- _WORK ITEM_
What you give back from the listing below should be an exact copy of the lines from the one with "16 Plymouth Whitemarsh." down to the one with "Tezumi — Japanese", and it should contain no pictures.

- _EXERCISE DATA_
"""
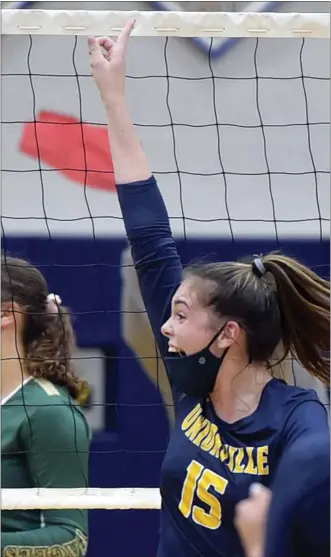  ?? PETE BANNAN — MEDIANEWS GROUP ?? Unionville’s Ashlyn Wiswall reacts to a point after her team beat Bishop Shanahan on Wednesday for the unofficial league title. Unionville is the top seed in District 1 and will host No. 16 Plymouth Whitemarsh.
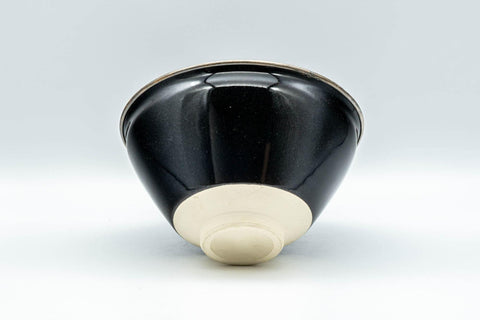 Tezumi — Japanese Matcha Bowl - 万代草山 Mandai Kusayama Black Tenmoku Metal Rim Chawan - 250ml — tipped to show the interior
"""
"""
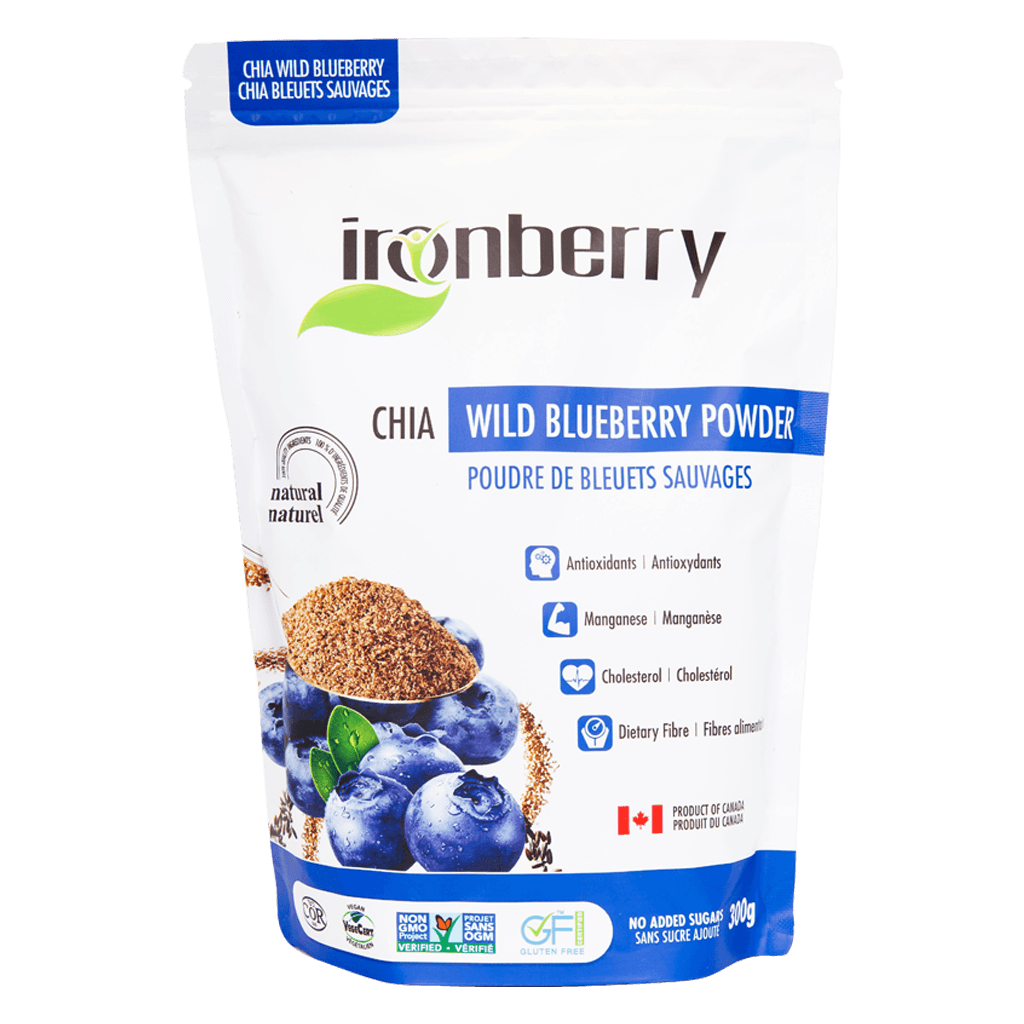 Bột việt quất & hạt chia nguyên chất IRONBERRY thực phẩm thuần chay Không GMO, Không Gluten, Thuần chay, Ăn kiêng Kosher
"""
"""
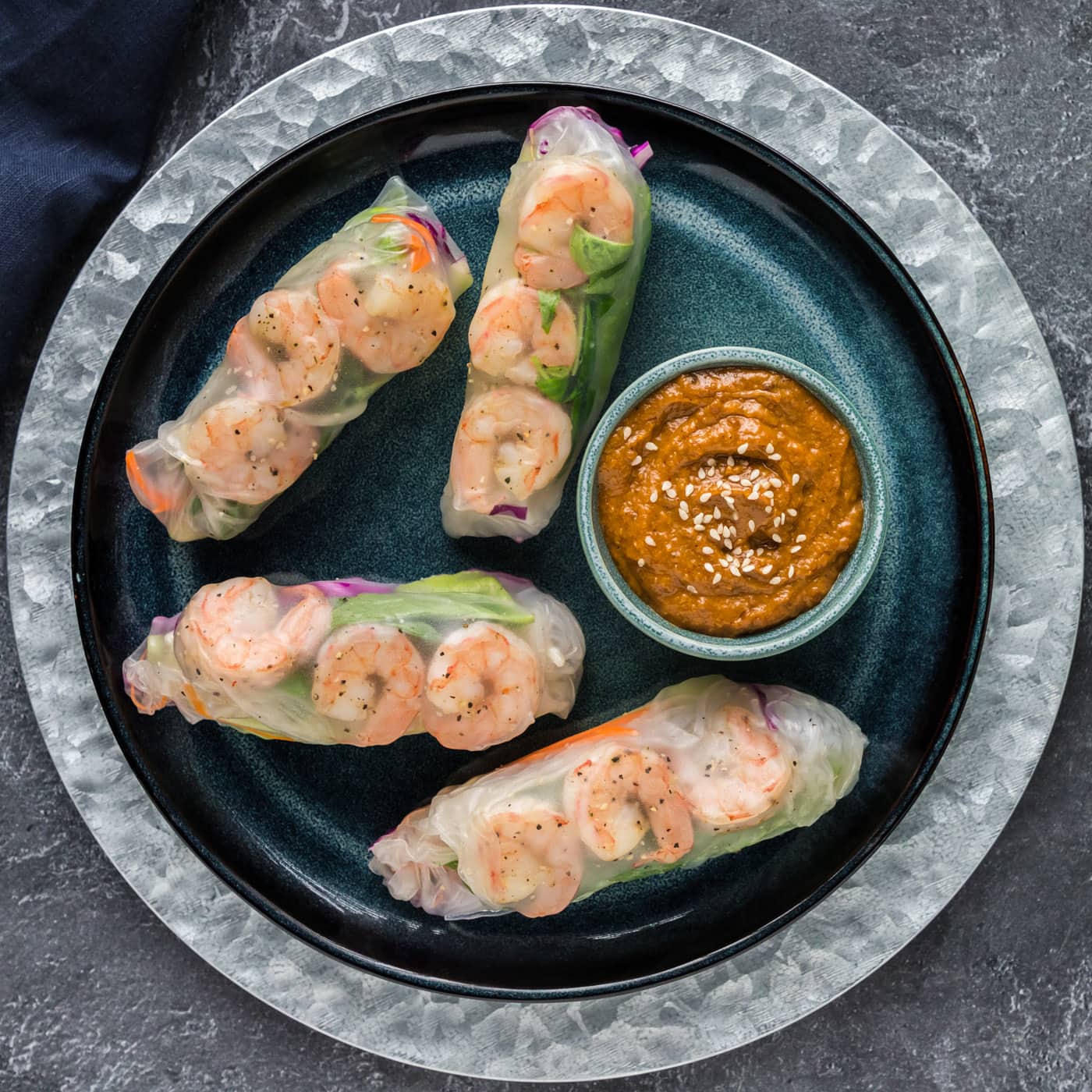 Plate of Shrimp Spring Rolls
"""
- _ANSWER TO THE EXERCISE_
  ?? PETE BANNAN — MEDIANEWS GROUP ?? Unionville’s Ashlyn Wiswall reacts to a point after her team beat Bishop Shanahan on Wednesday for the unofficial league title. Unionville is the top seed in District 1 and will host No. 16 Plymouth Whitemarsh.
 Tezumi — Japanese Matcha Bowl - 万代草山 Mandai Kusayama Black Tenmoku Metal Rim Chawan - 250ml — tipped to show the interior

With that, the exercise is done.